The attack has heightened tensions in the region and renewed fears of a bigger clash breaking out that could draw in neighboring countries, including Japan, where about 50,000 U.S. troops are based under a security pact.

South Korea’s New Defense Chief Threatens Air Strikes on North

South Korea’s new defense minister vowed retaliation that would include airstrikes if North Korea makes another attack following last month’s deadly artillery bombardment.

“I will mobilize all combat capabilities available to severely punish the enemy,” Kim Kwan Jin, former chairman of the Joint Chiefs of Staff, said today at a confirmation hearing. “I will surely use planes.

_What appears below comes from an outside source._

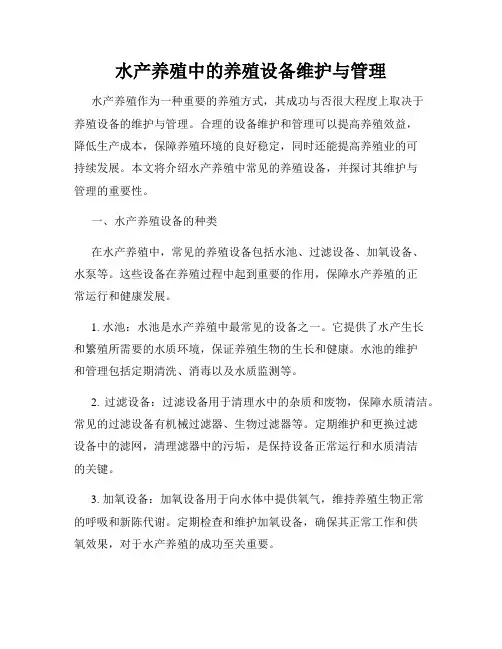 水产养殖中的养殖设备维护与管理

This is a matter of self-defense.”

This may be a sign that the crisis is cooling a bit..

“The latest tough talk seemed to be mostly aimed at deterring North Korea from further provocations,” said Kim Yong Hyun, a professor of North Korean studies at Dongguk University in Seoul. “There is only so much South Korea can do in terms of tough actions when there’s little assurance of how far North Korea will go.”

Or maybe cooling not so much..

A news report says North Korea now has more multiple-launch rockets capable of hitting Seoul.

Yonhap news agency says North Korea has increased its arsenal of rockets by 100 pieces to about 5,200. Yonhap cited an unidentified South Korean military source.

The agency says the rockets have a range of 37 miles (60 kilometers), putting Seoul within striking distance.